Prosecutors revealed the planned tours in court papers filed Friday morning. A dozen members of the Oath Keepers stand charged with conspiracy for their role in the Capitol breach on Jan. 6. The Justice Department says they planned to try to prevent Congress from certifying Joe Biden's victory and eventually decided their best course was to infiltrate the Capitol to achieve that goal. The case against them is one of the gravest presented so far in the hundreds of prosecutions to emerge from the Capitol breach.
According to prosecutors, the plans for the tour have hit some turbulence due to "prohibitions that the Capitol Police have placed on taking photographs during the tour."
"While we resolve those issues, I still encourage you to sign up for dates," assistant U.S. Attorney Kathryn Rakoczy wrote to the defense attorneys in a letter accompanying the court filing.
A Capitol Police spokesperson said the availability of tours is a requirement — not an option — based on federal rules of criminal procedure, which require prosecutors to offer defense lawyers the ability "to inspect ... buildings or places" relevant to charged offenses.

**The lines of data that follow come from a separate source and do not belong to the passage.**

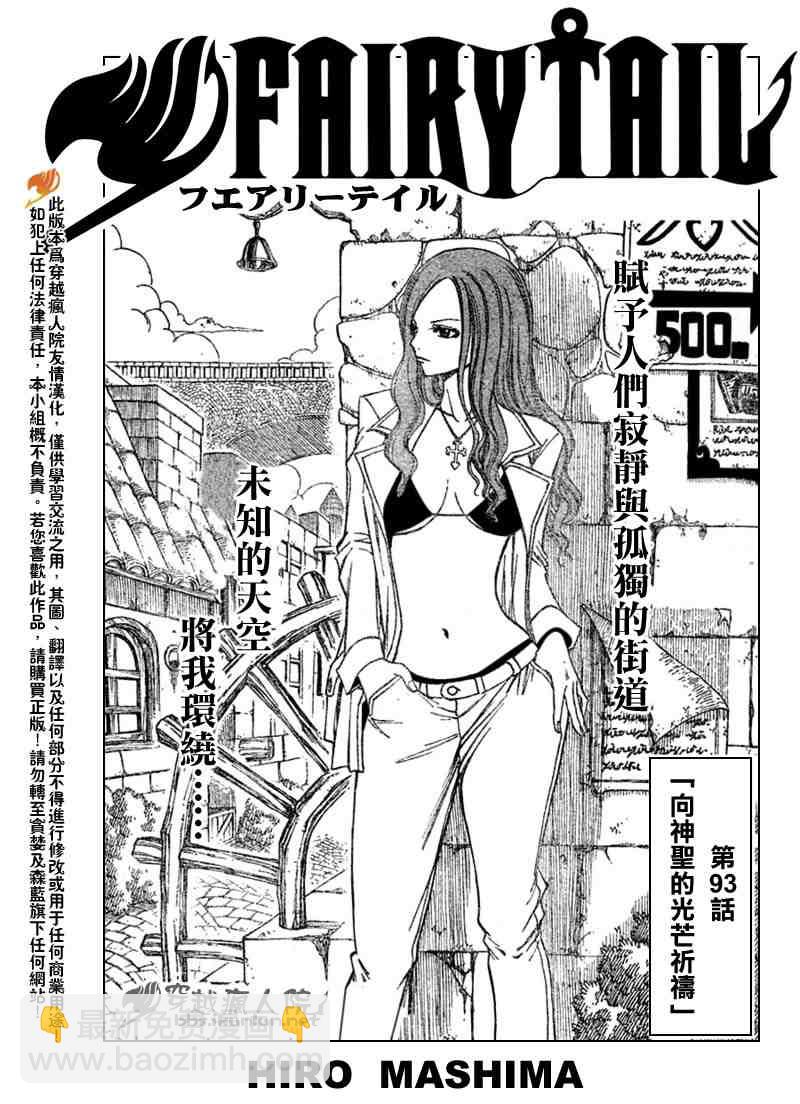 🍜妖精的尾巴 第93话 第2页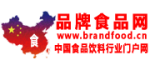 品牌食品網(wǎng)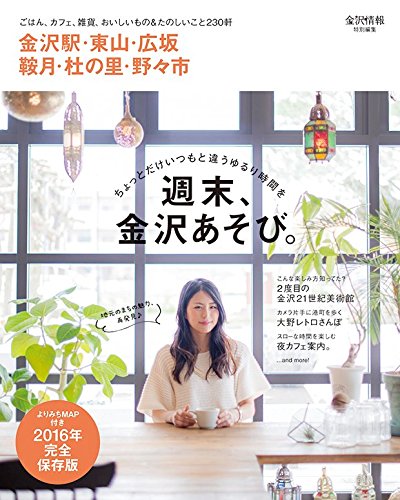 週末、金沢あそび。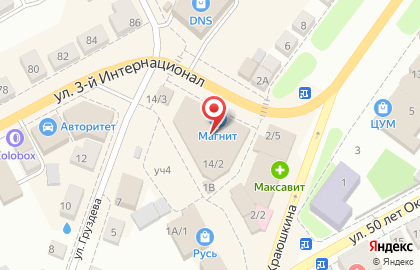 Магазин обуви и аксессуаров kari в Нижнем Новгороде на карте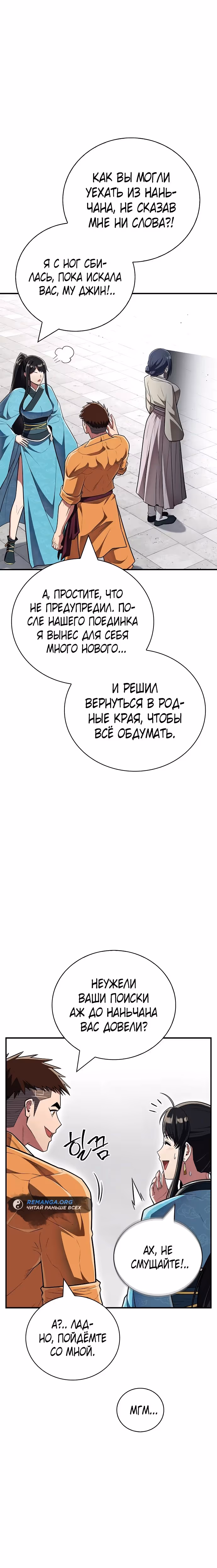 Гениальный тренер боевых искусств — Том 1 · Глава 60, страница 9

Capitol riot defendants, however, raise particularly acute concerns that the Capitol Police themselves have brought up in legal filings before.
The department's top lawyer, Thomas DiBiase, said in an affidavit provided to Capitol riot prosecutors that sharing surveillance footage, providing details of the building's layout or other "sensitive information" to Jan. 6 defendants could present a security risk.

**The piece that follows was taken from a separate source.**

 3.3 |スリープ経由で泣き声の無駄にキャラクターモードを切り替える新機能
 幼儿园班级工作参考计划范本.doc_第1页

"Our concern is that providing unfettered access to hours of extremely sensitive information to defendants who have already shown a desire to interfere with the democratic process will result in the layout, vulnerabilities and security weaknesses of the Capitol being collected, exposed and passed on to those who might wish to attack the Capitol again," DiBiase said in the affidavit.

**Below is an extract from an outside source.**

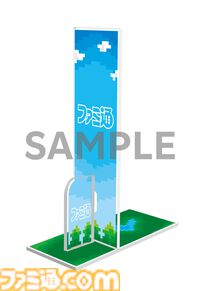 【楽天ブックス】ファミ通コラボブックエンドが当たるクイズキャンペーンが開催中。『あつ森 Nintendo Switch 2 Edition』『CODE VEIN II』などを購入すると当選確率が2倍になる特典も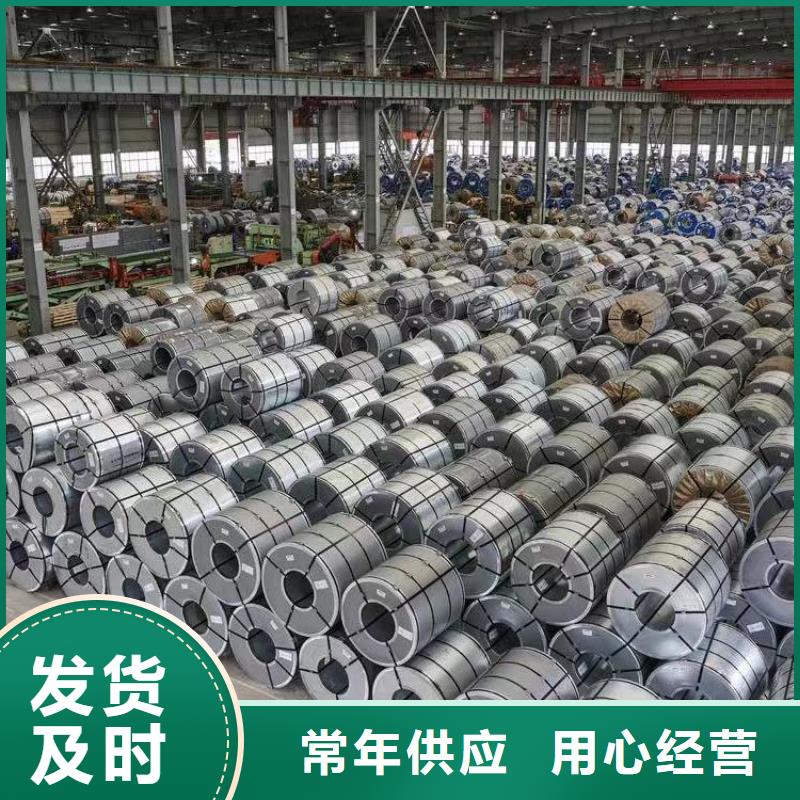 Q/BQB303SS490一般结构用热连轧钢出货快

Those concerns have led prosecutors and public defenders to craft a set of strict limits on the ability of defense lawyers to access evidence like surveillance footage that will be used in prosecuting many of the Justice Department's cases. The so-called protective order established to guide the Capitol breach cases permits the government to label some evidence "highly sensitive," which requires strict limits on how defendants may view it and who else they may share it with.
Tourists have long had access to a subset of Capitol hallways — from the rotunda to Statuary Hall to the crypt — where they're free to take pictures and peruse the art and architecture. But the areas surrounding the House and Senate chambers, as well as key areas on the third floor of the building overlooking the chambers, has long barred photography and video.
Among the Oath Keepers charged with breaching the Capitol are a group of about seven who prosecutors say formed a "stack" — a military-style maneuver to stick together as they entered the building in amid the crush of the larger mob. Defense attorneys are likely to want to survey the doorways that the defendants entered, as well as the hallways they're alleged to have traversed as they participated in the breach.
Members of the group dispersed soon after entering the building, according to publicly available footage, with some heading toward the Senate chamber, where then-Vice President Mike Pence and the members were hurriedly evacuated moments before the mob arrived, and others milling about the rotunda.
The Oath Keepers charged in the conspiracy say they were in Washington primarily to provide security to Trump supporters, like Roger Stone, who were there as part of Trump's "Stop the Steal" rally near the White House that morning. They say there was no plan to breach the Capitol and that once inside, there's no evidence they destroyed property or committed acts of violence.
But prosecutors say their presence — as well as that of the Proud Boys, another group of violent extremists who sent dozens to the Capitol — were a major contributor to the mob's ability to break police lines and disrupt the counting of Electoral College votes.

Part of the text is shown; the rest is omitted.